A Lokpal, finally
Appointing Justice Ghose is only the first step
Fifty-six years after it was first proposed and more than five years after the President signed the fiercely contentious Lokpal Bill into law, the National Democratic Alliance has finally got round to appointing a Lokpal. The move must be welcomed as a milestone in the cause of fighting corruption in high places. But for a government that had made anti-corruption a crusading platform in 2014, and leveraged it for an unprecedented exercise in demonetisation in 2016, this move at the fag end of its term is curious. The initial reason offered for this deferral was that the selection committee required a member of the Opposition, and no party had the requisite 10 per cent of the Lok Sabha seats to qualify. The government could, however, have adopted a precedent from the CBI Act, which allowed an invitation to the leader of the single-largest party to be part of the selection committee for the appointment of the chief of the investigative unit. To ask the leader of the Congress in the Lok Sabha to attend as “special invitee” without decision-making powers amounted to no real solution, which is perhaps why Mallikarjun Kharge chose to sit this out. It is a decision fraught with potential problems once the next government is sworn in.
Still, in Justice P C Ghose, who has a track record for impartial judgments concerning politicians of all hues during his Supreme Court stint, the selection committee appears to have made an unexceptionable choice. Justice Ghose is remembered for being part of the two-member Bench that held Jayalalithaa and her associate Ms Sasikala guilty of misusing public office to enrich themselves. He was also part of the two-member Bench that directed a trial court to frame charges against several Bharatiya Janata Party stalwarts for the demolition of the Babri Masjid.

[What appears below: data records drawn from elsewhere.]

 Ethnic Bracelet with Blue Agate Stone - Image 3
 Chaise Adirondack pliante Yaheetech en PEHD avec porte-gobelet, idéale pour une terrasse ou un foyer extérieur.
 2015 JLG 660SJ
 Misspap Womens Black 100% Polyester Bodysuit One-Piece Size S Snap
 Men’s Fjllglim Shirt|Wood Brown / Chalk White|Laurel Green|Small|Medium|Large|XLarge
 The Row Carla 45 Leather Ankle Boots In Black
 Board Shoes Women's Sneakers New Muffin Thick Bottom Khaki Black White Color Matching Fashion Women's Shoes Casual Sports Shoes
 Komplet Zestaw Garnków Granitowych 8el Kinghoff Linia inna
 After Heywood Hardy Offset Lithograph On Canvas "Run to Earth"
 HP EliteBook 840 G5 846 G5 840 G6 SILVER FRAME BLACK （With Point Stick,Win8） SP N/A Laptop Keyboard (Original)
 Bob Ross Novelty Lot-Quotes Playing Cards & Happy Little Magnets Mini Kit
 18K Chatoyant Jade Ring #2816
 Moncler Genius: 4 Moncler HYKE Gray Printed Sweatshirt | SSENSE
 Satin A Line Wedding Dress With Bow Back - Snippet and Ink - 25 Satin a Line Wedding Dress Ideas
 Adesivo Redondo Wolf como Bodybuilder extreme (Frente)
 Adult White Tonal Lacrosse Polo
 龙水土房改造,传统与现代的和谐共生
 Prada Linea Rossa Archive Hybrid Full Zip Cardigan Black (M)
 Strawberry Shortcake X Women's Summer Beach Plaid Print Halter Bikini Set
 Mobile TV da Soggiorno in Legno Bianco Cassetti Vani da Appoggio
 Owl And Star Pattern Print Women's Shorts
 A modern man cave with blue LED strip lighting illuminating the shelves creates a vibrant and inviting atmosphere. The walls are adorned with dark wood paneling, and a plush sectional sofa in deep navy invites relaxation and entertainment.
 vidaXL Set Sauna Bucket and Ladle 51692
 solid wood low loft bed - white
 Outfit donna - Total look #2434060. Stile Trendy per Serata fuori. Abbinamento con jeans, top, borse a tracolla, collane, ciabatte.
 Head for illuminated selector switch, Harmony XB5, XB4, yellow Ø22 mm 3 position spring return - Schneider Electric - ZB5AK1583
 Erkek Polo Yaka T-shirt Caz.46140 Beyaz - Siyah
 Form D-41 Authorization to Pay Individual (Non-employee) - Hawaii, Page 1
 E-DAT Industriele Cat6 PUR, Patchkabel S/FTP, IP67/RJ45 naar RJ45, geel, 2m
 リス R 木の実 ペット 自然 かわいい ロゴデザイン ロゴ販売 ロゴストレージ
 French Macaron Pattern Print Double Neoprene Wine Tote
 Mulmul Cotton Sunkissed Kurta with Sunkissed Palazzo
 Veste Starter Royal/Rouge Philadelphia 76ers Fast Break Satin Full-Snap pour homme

The principal issues are two. First, appointing other members, who will be appointed by the same procedure as the Lokpal. The law provides for up to eight members, half of whom should be from a judicial background. Half the members must be people belonging to scheduled castes, scheduled tribes, other backward castes, minorities and women. If these conditions are challenging, they are heightened by the fact that the same rules apply for the search committee for these members. Setting up enquiry and prosecuting wings will also be timeconsuming, and given the inherently controversial nature of such posts plus the turmoil of impending elections, the Lokpal is unlikely to be a functioning entity anytime soon. The second challenge concerns institutional independence. From the Supreme Court to the Election Commission, institutional respect has not been a strong point for most regimes, including the current one. The CBI, famously described as a “caged parrot”, offered a bizarre public spectacle of this erosion following a controversy involving its director and his deputy.
It is the moral authority of the Lokpal and its members that matters most. For instance, the Act covers most public servants, including the prime minister. One critical point of contention is the exclusions for prime ministerial scrutiny — on grounds of international relations, external and internal security, public order, atomic energy and space. These can be as widely or narrowly interpreted as the Lokpal chooses. India’s increasing engagement with the global economy demands that the Lokpal should hold itself to a higher standard, abjure inevitable political pressures and evolve into an institution that commands universal respect.